A lot of people, as well as having social media accounts and a CV, also have a personal website. Or a site that promotes their professional selves. Sometimes it’s used as a placeholder. Sometimes it’s used as an infrequently updated portfolio. And in some cases, it’s a frequently updated hub of activity. It tells people what they’re doing, what they’re thinking about, what they have and are working on, what they’re into and what they’re not, and why.
The small subset of people that use their own slice of the internet in such a way probably want to build an audience of some sort, often for a variety of reasons. But they—and I include myself in this group—go about constructing their site or resource with one thing in mind; what they want.
They want to build an audience, and they’ve heard a key component is building a permission asset. The simplest permission asset is an email list. So they optimise everything with that end in mind. Autoresponder sequences and targeted copy. Calls to action. Pop up boxes and prompts at the end of every post, in the sidebar and in the footer. Constant link-dropping to the page that promotes their email list.

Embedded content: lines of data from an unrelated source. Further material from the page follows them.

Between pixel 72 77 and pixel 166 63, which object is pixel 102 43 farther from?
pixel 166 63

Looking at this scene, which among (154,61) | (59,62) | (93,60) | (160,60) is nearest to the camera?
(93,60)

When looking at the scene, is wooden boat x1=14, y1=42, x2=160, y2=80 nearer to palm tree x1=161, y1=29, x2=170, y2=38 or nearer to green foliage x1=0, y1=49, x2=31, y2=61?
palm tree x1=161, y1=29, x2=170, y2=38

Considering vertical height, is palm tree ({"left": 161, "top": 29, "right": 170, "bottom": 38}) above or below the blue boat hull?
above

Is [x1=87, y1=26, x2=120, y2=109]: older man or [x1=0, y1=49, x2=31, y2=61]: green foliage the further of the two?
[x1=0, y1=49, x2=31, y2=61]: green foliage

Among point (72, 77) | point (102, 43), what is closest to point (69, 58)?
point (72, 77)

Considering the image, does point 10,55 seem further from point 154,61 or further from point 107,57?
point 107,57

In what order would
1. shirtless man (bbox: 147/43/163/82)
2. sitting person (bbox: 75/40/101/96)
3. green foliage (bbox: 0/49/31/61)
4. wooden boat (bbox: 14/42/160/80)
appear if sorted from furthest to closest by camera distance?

I don’t know about you, but when I go to a site and get bombarded by pop ups telling me about an email list and free things I’ll get for signing up and how many other people cannot live without the newsletter, I get annoyed and leave. I want to look around. I want to see what I can find. I want to explore your work, portfolio, story, whatever, in my own time. I don’t want to be nudged into doing anything.

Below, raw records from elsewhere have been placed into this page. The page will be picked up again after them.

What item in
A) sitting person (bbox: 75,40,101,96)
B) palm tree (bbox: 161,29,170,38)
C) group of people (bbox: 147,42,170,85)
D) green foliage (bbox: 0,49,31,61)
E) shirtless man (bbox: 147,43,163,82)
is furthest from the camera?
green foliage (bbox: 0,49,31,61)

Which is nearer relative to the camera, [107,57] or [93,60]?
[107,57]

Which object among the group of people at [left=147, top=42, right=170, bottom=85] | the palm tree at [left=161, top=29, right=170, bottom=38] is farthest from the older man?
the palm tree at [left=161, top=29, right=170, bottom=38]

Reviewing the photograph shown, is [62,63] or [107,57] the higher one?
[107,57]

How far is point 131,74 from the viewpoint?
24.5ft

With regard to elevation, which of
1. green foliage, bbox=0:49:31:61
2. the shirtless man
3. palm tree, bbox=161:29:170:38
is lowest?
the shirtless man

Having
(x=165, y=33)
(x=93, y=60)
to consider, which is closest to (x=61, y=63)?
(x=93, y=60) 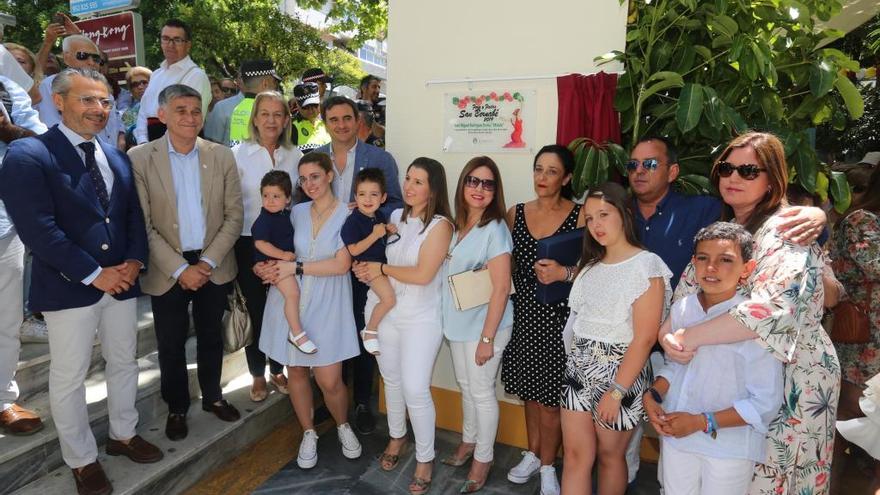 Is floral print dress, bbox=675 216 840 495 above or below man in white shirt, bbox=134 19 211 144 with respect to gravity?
below

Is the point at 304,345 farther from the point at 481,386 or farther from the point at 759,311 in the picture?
the point at 759,311

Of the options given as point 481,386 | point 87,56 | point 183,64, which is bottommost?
point 481,386

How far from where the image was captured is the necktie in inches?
112

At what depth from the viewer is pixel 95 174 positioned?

Yes, by all means, be helpful by providing a nice user experience and interface, links to your best or most popular work, and clear navigation. Yes, tell me about what you do and why you do it. But don’t think for one second that I care what you want me to do. I don’t care if you want to build a permission asset. I don’t care if you want me to buy a product or sign up for a trial of a service or share your post.
In an ideal world, this is what I want to happen when I go to any site: I want to be able to do anything I can think of, and be forced to do none of it. Give me options, and make taking them as frictionless and risk-free as possible. But don’t try to manipulate me into doing what you want. Let me immerse myself in your life, story and work. Don’t interrupt.
It’s a different approach to design. Instead of trying to show off and shove the value we create down the throats of the people that pass through, how about we let what we do speak for itself? How about letting people discover things for themselves? How about we give them a map, a short history, and allow them to explore, rather than trying to take them on a guided tour?